> INSTRUCTIONS FOR THE TASK: In the copy, include no pictures, but reproduce every record exactly.

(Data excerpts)
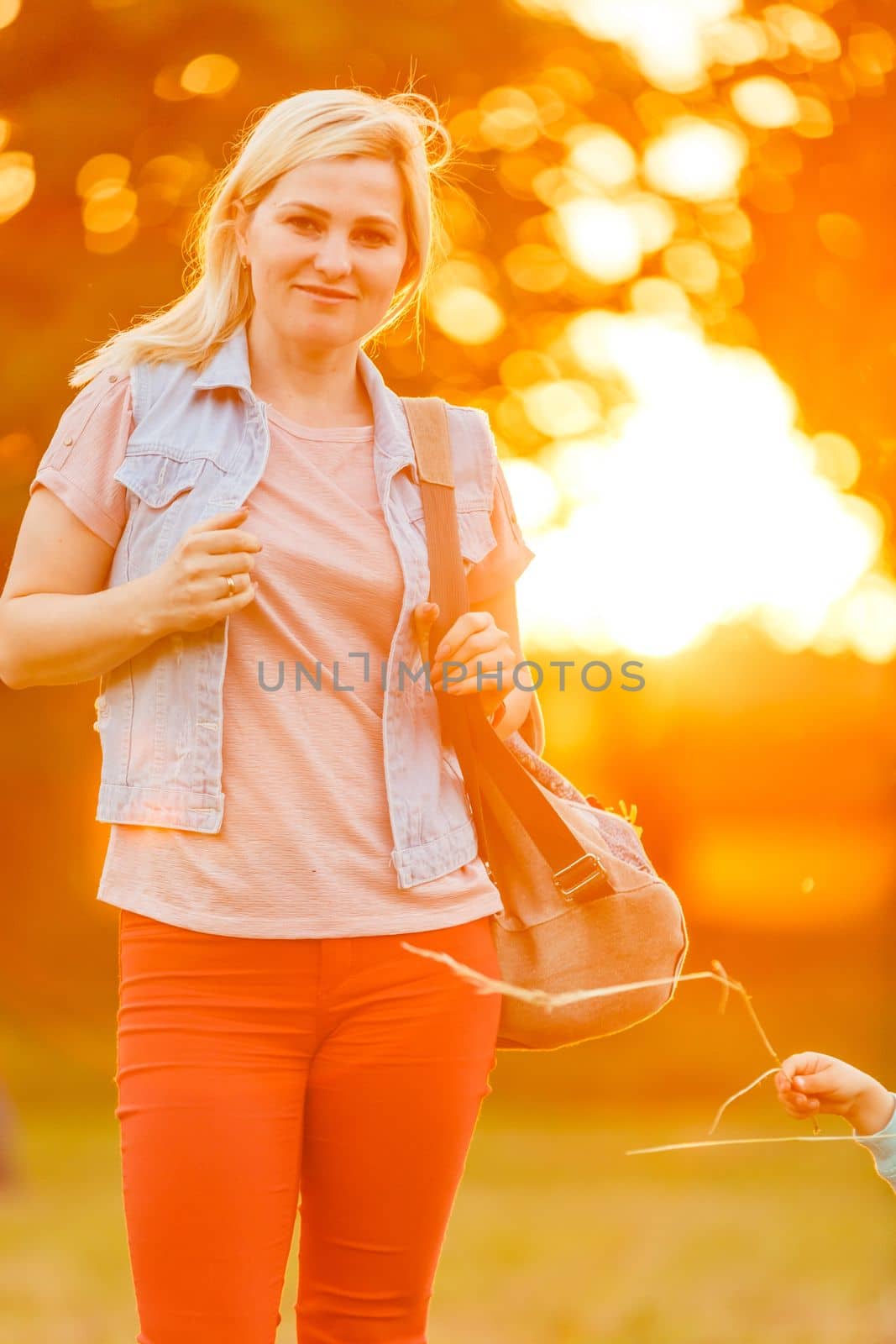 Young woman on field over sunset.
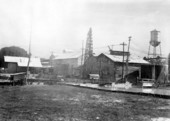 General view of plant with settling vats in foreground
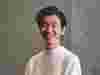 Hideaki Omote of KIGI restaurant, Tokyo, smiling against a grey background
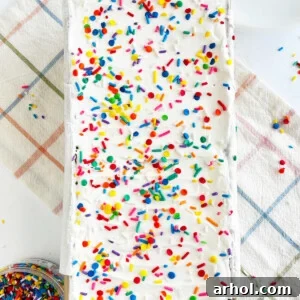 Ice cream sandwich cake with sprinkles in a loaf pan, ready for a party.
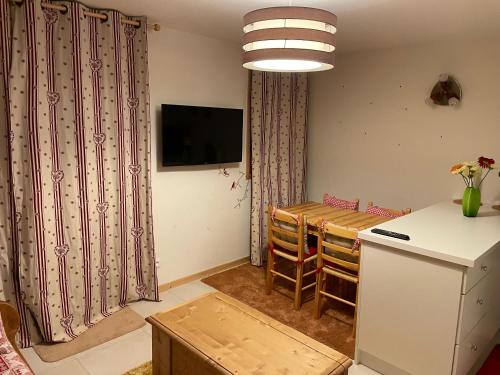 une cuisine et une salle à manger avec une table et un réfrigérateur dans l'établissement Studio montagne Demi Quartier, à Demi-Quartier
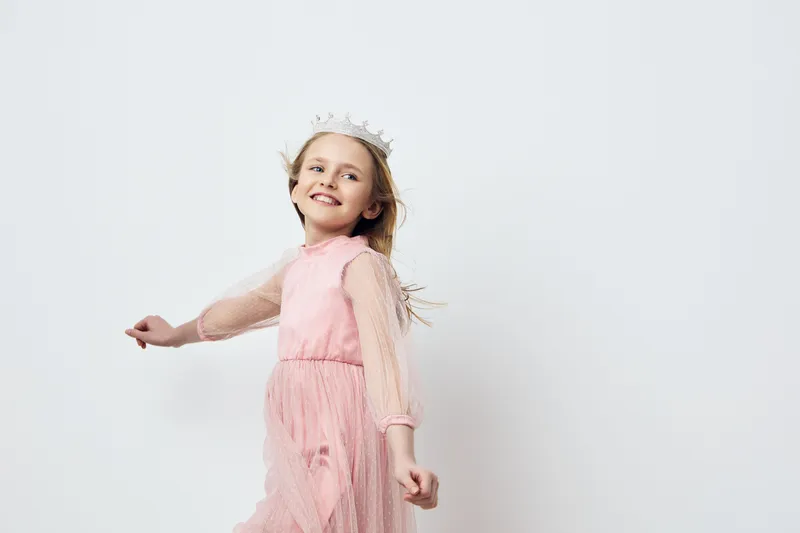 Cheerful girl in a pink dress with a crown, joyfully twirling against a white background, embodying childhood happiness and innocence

> WRITTEN REPLY:
 Young woman on field over sunset.
 General view of plant with settling vats in foreground
 Hideaki Omote of KIGI restaurant, Tokyo, smiling against a grey background
 Ice cream sandwich cake with sprinkles in a loaf pan, ready for a party.
 une cuisine et une salle à manger avec une table et un réfrigérateur dans l'établissement Studio montagne Demi Quartier, à Demi-Quartier
 Cheerful girl in a pink dress with a crown, joyfully twirling against a white background, embodying childhood happiness and innocence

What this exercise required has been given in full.